In a time when superhero movies dominate, we often ignore real heroes. Clint Eastwood’s new film Sully, a salute to Chesley “Sully” Sullenberger, the pilot who successfully faced up to a major crisis and then had to face an inquisition for his action, remedies this lack. It is an excellent, if occasionally slow, film about heroes and the public’s reaction to them.

Sully (Tom Hanks), a pilot with 40 years’ experience, faced a crisis about six minutes into a flight from LaGuardia Airport in New York. His plane had flown through a flock of birds, and both engines were knocked out about 2,800 feet in the air. Sully made the almost instant decision that the only place safe to land was on the Hudson River.

Less than a half-hour later, he and his co-pilot Jeff Skiles (Aaron Eckhart) had crash-landed the plane safely in the river and supervised the safe evacuation of all 150 passengers and five crew members. The decision and the landing were depicted in a brilliant bit of cinema ended by two wonderful set pieces. The first was a simple scene of Sully walking through the now-crashed plane, making certain no one was left behind. And beyond that, the hysteria on the river and heroism of New York’s Harbor Police was brilliant.

Sully, and to a far lesser degree Skiles, became an instant hero. Heroism is often quickly rewarded. However, the media trumpeted demands for a complete investigation, and the government gave them what they wanted. Eastwood clearly identifies the villains, and they work for the government. The investigators, the real ones, have protested the view of them in the movie, saying they were just doing their jobs. In the end, Sully and Skiles were cleared of all possible blame and their heroism was officially and indelibly recognized.

The problem with a film like this is that since the act of heroism was relatively brief, it had to focus on a lot of other things. We experience a lot of Sully’s early life, as well as his nightmares, a key one of which before the crash is having his plane collide with a New York skyscraper. Sully’s discomfort in having to face up to accusers takes up more of the film than the actual crash. But this is a drama, and the climax by its nature takes place at the beginning.

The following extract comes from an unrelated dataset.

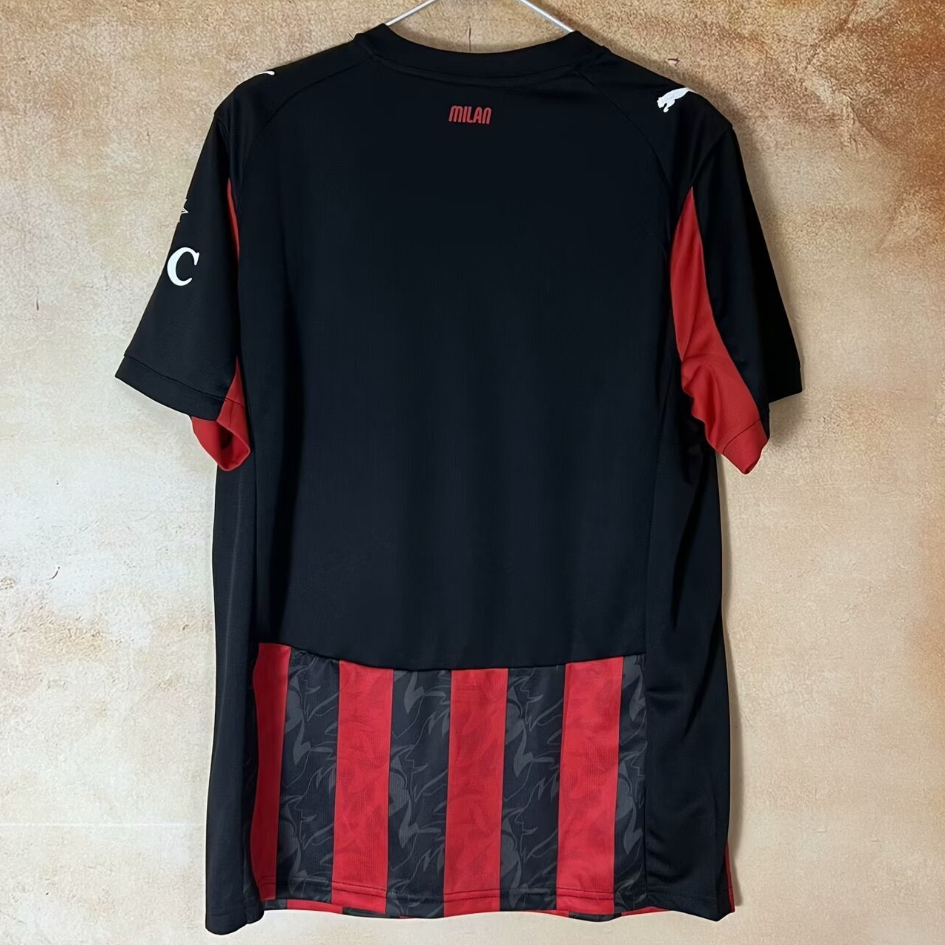 Maillot 25/26 AC Milan Domicile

Hanks gives a superb performance, one that may well get recognition at Oscar time. He manages to avoid turning his character into a plaster saint, something that would be easy to do in a case like this. His Sully is a real person, with as much self-doubt as anyone. Watching him suffer from bouts of post-traumatic stress disorder was painful, since we know he was a hero, and in the movie at least, the investigators care little for the damage they cause, much of it through delays.

Laura Linney gives another really good performance as Sully’s wife, Lorraine. Although much of her part is providing support by phone, she turns Lorrie into a real person, one whose actions and love are also acts of heroism. Eckhart is strong as Skiles. Jamey Sheridan and Anna Gunn acquit themselves well in representing the investigators.

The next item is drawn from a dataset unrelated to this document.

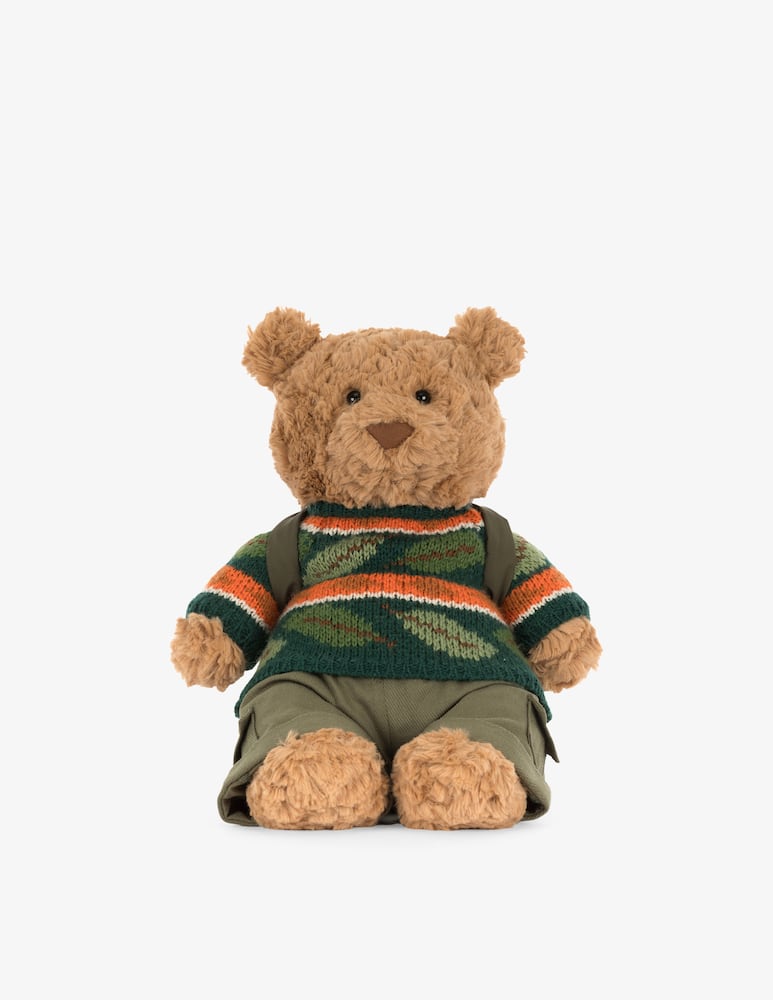 rinascente Jellycat Bartholomew Bear Hiking Outfit Peluche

There is a wonderful coda to the film. Some of the actual surviving passengers speak of the crisis, and the real Sullenberger joins in. There are far too few real heroes, and in a time when we tend to hear from victims, this was a real treat.

Eastwood’s direction was very businesslike. He used special effects the right way — when they were needed rather than as an excuse to play games. I actually felt that I was experiencing those horrific six minutes as it went on. Todd Komarnicki’s script is workmanlike but not brilliant.

One of the most obvious points of the film is that our media and government no longer are willing to accept heroism uncritically. It took 18 months of investigation before they accepted Sully as a hero. It took the rest of us a lot less time.

This is a really solid film, the kind we used to expect from Hollywood. I thought it was a worthwhile film, and I predict you will like it as well.